I actually don't have a checklist as such. At this point, I animate kind of in a flow, and I stop when I think it is all feeling good and complete (or when the director/supervisor thinks it's all good and complete). I think at some point the principles of animation and some other acting stuff becomes a second skin. You work with them not exactly “thinking” of them all the time. It's like when I learned how to play the viola (a musical instrument that looks just like a violin, just a bit bigger with a more velvety sound). You learn a million technical things for a long time, but at some point it all becomes natural and you just play without thinking too much. Animation works in a similar way.
That being said, of course there are things I pay special attention to, and I think they have to do with the difference phases of the animation process. When I am working on blocking, my mental checklist is something like: Is the idea clear?
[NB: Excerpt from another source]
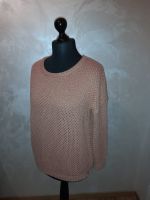 Hilfiger Pullover Gr.M, Braun-Orange Nordrhein-Westfalen - Bünde Vorschau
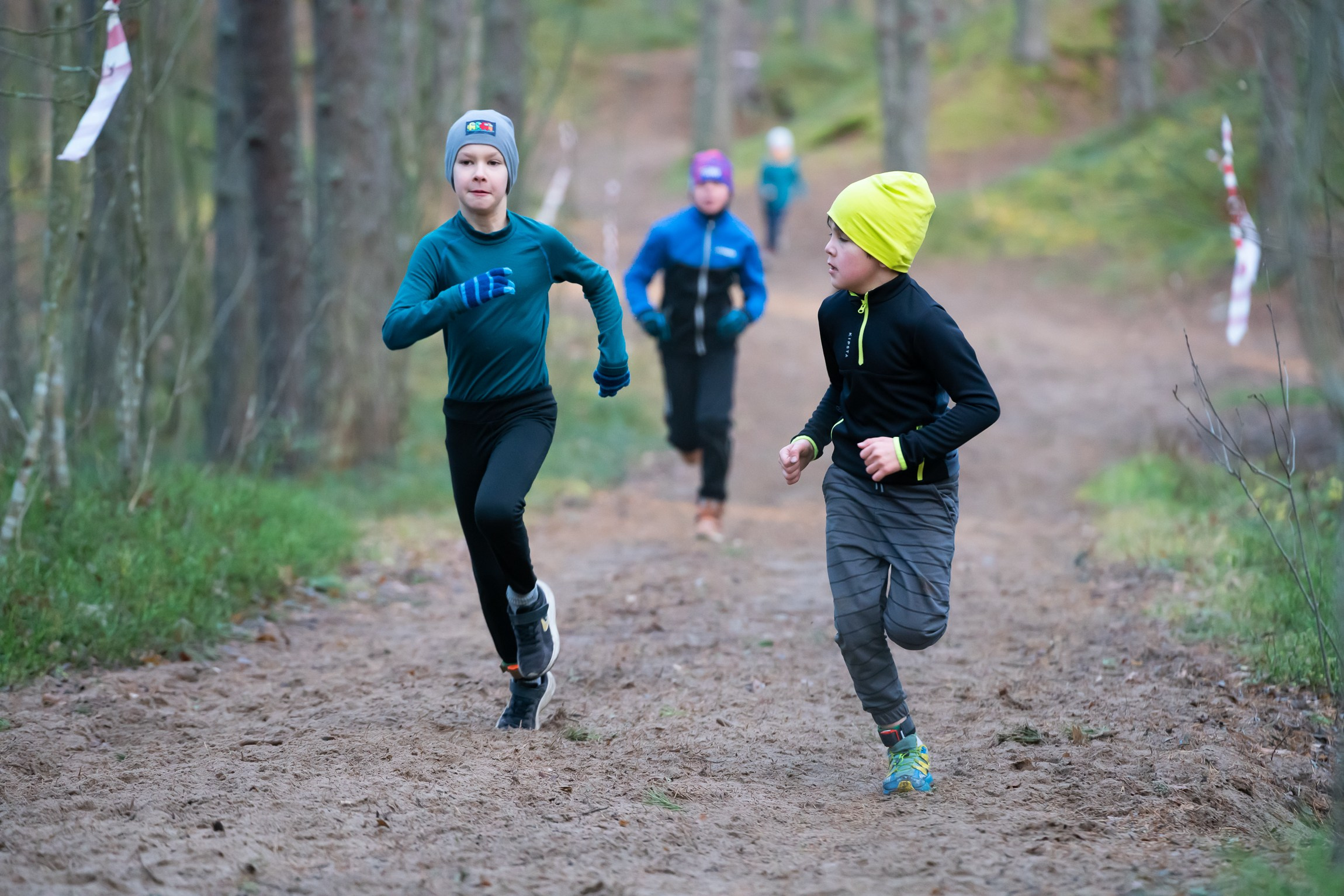 Спортивный фотограф в Санкт-Петербурге — Дмитрий Соколов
Is the character consistent and are his motivations and thought processes coming across clearly? Are the poses solid?
For the poses, I usually check the line of action, silhouette, twinning, balance, asymmetry, and contrast. When blocking, I also pay attention to the rhythm and phrasing of the scene, just like I would with a piece of music.
Then let's say that my blocking was approved, and the scene is going to be taken from blocking to first animation. In this phase, I usually work on my holds and my transitions. Timing, spacing and arcs are areas that I pay special attention to. I make sure the weight shifts read right. Then I start to break things down, adding overlapping and more detail here and there, until everything flows nicely. If it is a character with hands and a face, I block them and on the first pass animation I add more detail – finessing the hand poses, maybe adding a blink here and there, maybe sculpting the important face moments more. This will of course vary a bit – if the shot is a close up, for example, there will be a lot more face work from the get-go on blocking. Anyway, I think you got the idea so far. I would keep working on my transitions and holds, spacing and arcs, weight and fluency, and getting the acting as nailed as possible.
For the polishing phase, if things are going well, that is the time to make all the details come together. I carefully check the lip sync, and work any areas that need a bit more punch, contrast or clarity. Face animation is refined during this time. I refine the hands until they are completely done. I make sure the overlap and flexibility of the character is working properly – things like dangling ears, tails, clothing – it all has to work perfectly. I also check for any intersections and basically “clean the scene” before sending it to the lighters.
The process varies a bit from scene to scene, and depends on the evolution of the shot -- the feedback I am receiving, how the scene is fitting in the cut with the scene that comes before and after, the technical challenges of each particular scene, etc. But I guess what I described above is more or less what goes on in my mind as I work on a shot.